Jamais plus qu’hier l’information télévisée n’aura ressemblé a un jeu de rôles dont les journalistes étaient des acteurs.
Alors que tous connaissaient, au moment de prendre l’antenne, l’estimation donnant Hollande 53% et Sarkozy à 47%, alors que les internautes le savaient aussi, les animateurs de la soirée se sont crus obligés de feindre de ne pas savoir et, même, de ne pas comprendre, les images qui leur arrivaient.
Le lancement de la soirée sur France 2 fut un véritable cas d’école. Il permit d’observer comment on construit le suspense à la télévision : pour que le direct exprime (comme un parfum) toutes ses virtualités émotionnelles, il faut créer des attentes chez le téléspectateur. Aussi, on expliqua d’abord ce que chaque candidat avait à attendre des résultats : pour Sarkozy, ce serait un exploit, pour Hollande, ce serait l’ampleur de la victoire qui compterait. Benoît Duquesne prit le relais en direct du Pont au change, à mi-chemin entre la Bastille et la Concorde, choisissant la direction à prendre en fonction du résultat. En studio, l’un des animateurs conclut l’échange par cette phrase : « vous avez bien donné le change sur le Pont au change ! », soulignant qu’il s’agissait bien de mettre en scène une incertitude totalement factice.
Que la rédaction ait voulu respecter la règle qui impose de ne pas donner d’estimation avant 20 heures est certes louable, mais fallait-il alors multiplier les signes de la victoire de Hollande tout en faisant comme si on le faisait pas ? L’aveuglement des journalistes, évidemment feint, atteignit le summum du ridicule quand, devant les ambiances très constrastées entre la place de la Concorde, déserte, et la Bastille, pleine de monde, Chazal lança : « l’image ou le son ne préjugent pas des résultats » puis « l’ambiance est très forte des deux côtés », relayée sur France 2 par Delahousse qui affirmait de son côté : « les indices ne sont pas forcément révélateurs ». Cette dernière formule, pour le sémiologue que je suis, reste assez mystérieuse : si ce sont des « indices », comment peuvent-il ne pas être révélateurs ? Ferrari conclut, à un quart d’heure du résultat : « l’ambiance monte des deux côtés ». Au même moment, les médias belges annonçaient que la fête étaient annulée à la Concorde.

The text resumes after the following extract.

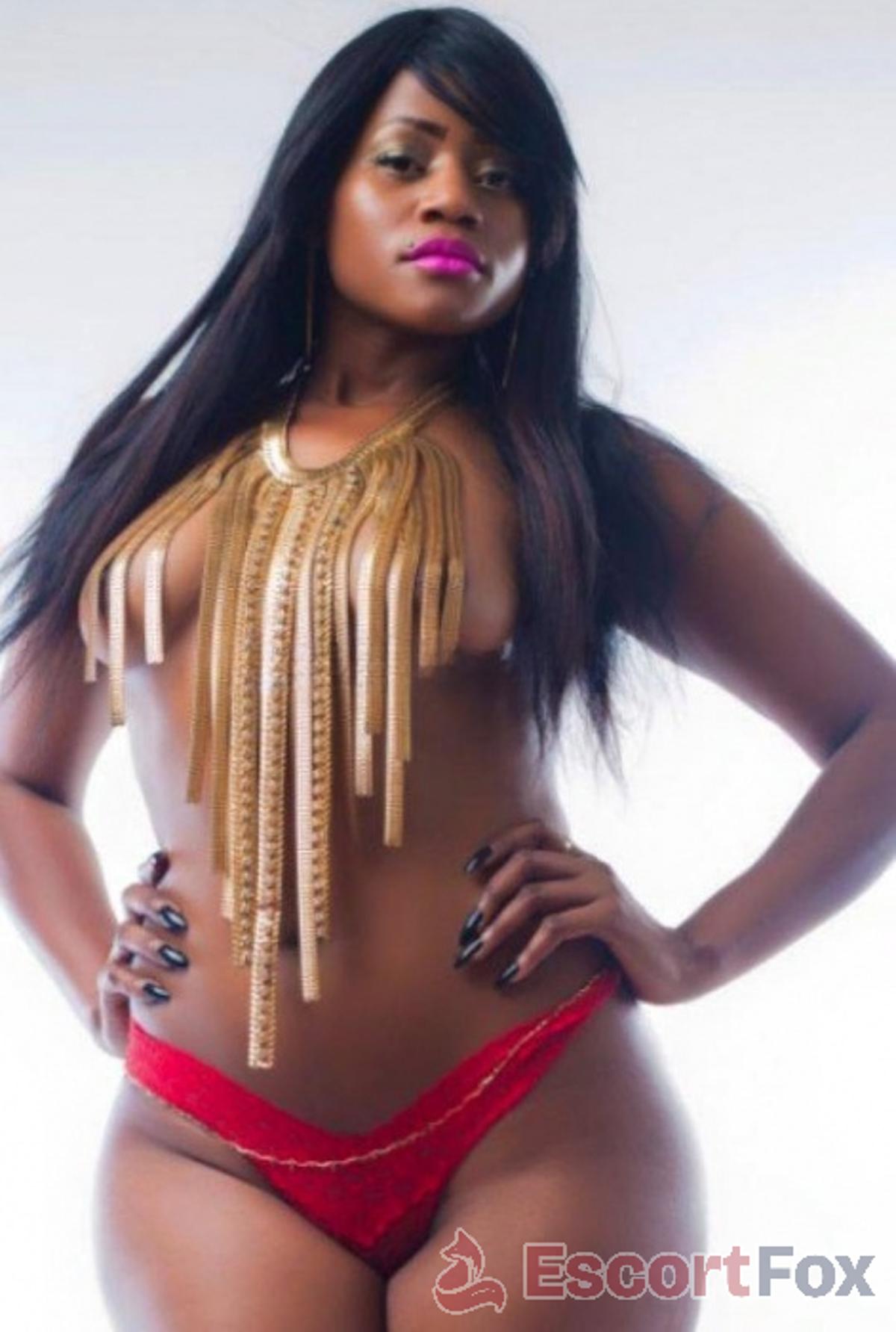 Whitney — escort in Kuwait City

Que l’on connaisse les estimations bien avant qu’elles soient publicisées officiellement est certes un problème qu’il faudra résoudre à l’avenir. Mais, si l’on veut garder le suspense jusqu’au bout, il faudrait aussi que les chaînes ne prennent pas l’antenne une heure et demie avant, alors qu’elles connaissent déjà le résultat. Ou il faudrait éviter de donner au téléspectateurs des signes que les journalistes feignent de ne pas comprendre ou de dévaluer par leurs interprétations grotesques. Ce n’est sûrement pas comme cela, soit dit en passant, qu’on éduque à l’image. Faut-il donner le spectacle d’une information-tartuffe ? Je ne crois pas. C’est prendre les gens pour des imbéciles.